## The problem
In the records below, find the line holding "A row of white" and the line holding "Photo: Pacemaker Press". Set down both, with every line between them, exactly.

## Data records
=======
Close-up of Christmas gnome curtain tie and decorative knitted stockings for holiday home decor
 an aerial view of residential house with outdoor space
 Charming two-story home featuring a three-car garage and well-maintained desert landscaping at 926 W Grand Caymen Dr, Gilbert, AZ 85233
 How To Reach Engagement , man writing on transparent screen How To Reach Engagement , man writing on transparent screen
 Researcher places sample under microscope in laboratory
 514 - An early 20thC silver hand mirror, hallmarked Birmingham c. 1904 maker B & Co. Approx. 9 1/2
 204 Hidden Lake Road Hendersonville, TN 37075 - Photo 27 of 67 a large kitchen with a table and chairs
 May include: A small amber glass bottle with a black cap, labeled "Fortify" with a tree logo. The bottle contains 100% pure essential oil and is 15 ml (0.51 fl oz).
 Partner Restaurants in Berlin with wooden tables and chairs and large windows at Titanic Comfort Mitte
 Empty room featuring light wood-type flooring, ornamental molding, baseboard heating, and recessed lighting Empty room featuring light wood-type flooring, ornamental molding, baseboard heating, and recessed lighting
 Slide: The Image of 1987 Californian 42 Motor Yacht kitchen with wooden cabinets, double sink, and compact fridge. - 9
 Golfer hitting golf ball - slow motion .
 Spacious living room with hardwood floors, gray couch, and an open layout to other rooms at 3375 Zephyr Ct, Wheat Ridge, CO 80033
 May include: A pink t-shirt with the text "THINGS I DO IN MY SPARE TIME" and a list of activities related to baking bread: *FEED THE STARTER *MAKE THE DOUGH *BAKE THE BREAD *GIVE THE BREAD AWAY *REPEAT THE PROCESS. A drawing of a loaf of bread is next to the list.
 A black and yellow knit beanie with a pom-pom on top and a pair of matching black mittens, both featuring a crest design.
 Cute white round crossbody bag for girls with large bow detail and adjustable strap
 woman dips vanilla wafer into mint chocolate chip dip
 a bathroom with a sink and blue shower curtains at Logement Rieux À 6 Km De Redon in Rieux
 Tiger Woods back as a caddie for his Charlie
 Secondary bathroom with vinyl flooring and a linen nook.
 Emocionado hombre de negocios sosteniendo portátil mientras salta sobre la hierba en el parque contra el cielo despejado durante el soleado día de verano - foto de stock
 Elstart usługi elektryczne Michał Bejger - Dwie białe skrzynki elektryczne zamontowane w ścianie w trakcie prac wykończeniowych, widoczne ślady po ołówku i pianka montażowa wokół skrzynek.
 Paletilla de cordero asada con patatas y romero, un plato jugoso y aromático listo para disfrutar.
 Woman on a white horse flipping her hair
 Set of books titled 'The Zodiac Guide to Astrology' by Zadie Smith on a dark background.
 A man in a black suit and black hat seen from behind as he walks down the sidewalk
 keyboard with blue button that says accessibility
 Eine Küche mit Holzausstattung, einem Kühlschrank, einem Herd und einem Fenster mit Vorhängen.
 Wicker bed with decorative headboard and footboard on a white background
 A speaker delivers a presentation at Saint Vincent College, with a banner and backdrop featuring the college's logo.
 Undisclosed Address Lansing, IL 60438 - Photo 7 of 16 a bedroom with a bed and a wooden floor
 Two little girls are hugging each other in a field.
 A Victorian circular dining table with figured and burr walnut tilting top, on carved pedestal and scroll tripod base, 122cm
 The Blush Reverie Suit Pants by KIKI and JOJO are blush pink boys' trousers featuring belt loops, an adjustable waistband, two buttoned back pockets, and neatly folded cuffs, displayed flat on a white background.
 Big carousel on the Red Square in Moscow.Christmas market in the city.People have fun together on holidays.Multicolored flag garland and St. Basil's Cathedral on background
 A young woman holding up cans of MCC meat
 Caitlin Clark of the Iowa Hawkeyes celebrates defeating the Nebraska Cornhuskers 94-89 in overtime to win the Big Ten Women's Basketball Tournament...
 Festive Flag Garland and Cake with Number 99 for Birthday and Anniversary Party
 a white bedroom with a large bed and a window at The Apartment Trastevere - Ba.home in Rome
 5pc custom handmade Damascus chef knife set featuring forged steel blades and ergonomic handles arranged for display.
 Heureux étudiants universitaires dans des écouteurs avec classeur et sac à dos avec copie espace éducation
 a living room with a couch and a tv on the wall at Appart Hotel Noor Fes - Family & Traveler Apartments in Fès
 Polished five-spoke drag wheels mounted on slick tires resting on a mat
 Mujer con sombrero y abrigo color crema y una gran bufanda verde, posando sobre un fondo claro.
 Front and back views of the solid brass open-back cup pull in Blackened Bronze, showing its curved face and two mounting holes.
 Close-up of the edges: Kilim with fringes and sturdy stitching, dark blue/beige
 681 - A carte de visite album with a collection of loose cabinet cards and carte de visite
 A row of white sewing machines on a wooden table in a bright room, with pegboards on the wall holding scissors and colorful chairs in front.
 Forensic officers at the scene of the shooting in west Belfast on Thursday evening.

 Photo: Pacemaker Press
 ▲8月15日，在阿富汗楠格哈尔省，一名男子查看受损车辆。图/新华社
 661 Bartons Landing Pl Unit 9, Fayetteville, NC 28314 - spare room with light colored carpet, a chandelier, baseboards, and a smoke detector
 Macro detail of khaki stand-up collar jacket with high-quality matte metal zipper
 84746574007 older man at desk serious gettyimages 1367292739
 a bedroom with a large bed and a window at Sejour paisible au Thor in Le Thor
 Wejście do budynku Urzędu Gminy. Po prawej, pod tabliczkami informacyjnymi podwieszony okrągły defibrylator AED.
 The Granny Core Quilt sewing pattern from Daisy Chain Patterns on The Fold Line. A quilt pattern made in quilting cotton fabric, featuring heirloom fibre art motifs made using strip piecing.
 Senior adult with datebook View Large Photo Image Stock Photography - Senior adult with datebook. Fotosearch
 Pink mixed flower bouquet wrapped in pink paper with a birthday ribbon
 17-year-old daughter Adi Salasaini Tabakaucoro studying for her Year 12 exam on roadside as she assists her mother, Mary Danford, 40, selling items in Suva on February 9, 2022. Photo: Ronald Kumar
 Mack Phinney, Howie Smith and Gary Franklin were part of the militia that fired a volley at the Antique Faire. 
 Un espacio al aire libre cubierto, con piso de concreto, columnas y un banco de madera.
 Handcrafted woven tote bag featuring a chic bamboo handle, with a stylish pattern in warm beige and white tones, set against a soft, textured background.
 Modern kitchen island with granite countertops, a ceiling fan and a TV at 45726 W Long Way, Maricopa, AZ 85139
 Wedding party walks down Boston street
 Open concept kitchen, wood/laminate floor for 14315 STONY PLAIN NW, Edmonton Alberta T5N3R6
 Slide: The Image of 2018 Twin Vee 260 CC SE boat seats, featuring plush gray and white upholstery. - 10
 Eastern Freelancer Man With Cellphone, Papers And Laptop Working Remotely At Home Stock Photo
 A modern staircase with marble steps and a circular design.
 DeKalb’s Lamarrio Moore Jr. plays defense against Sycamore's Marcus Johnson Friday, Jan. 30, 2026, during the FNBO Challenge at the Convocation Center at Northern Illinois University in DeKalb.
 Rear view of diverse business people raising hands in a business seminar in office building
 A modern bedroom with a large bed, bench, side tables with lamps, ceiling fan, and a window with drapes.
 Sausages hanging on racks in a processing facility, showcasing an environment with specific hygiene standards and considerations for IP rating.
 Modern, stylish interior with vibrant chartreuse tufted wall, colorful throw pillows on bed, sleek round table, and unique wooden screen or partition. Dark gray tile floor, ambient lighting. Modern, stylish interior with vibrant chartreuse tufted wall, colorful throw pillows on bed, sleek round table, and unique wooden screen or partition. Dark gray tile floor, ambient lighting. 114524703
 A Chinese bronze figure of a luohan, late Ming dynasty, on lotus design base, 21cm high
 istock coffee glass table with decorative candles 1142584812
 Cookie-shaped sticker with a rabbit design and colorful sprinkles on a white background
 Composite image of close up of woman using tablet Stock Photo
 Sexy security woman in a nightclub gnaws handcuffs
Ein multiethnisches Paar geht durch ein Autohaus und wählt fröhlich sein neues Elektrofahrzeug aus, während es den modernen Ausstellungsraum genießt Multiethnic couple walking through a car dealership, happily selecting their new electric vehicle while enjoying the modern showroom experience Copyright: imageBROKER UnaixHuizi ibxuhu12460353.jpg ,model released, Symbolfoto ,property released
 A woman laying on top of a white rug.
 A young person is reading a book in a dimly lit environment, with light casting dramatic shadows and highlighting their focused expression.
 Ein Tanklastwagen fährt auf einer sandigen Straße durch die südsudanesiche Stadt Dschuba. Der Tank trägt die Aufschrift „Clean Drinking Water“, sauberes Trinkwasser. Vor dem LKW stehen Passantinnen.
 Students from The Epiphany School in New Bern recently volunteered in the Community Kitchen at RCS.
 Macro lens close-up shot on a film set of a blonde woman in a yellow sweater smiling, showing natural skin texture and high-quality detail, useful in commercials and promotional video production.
=======
## Answer area
 A row of white sewing machines on a wooden table in a bright room, with pegboards on the wall holding scissors and colorful chairs in front.
 Forensic officers at the scene of the shooting in west Belfast on Thursday evening.

 Photo: Pacemaker Press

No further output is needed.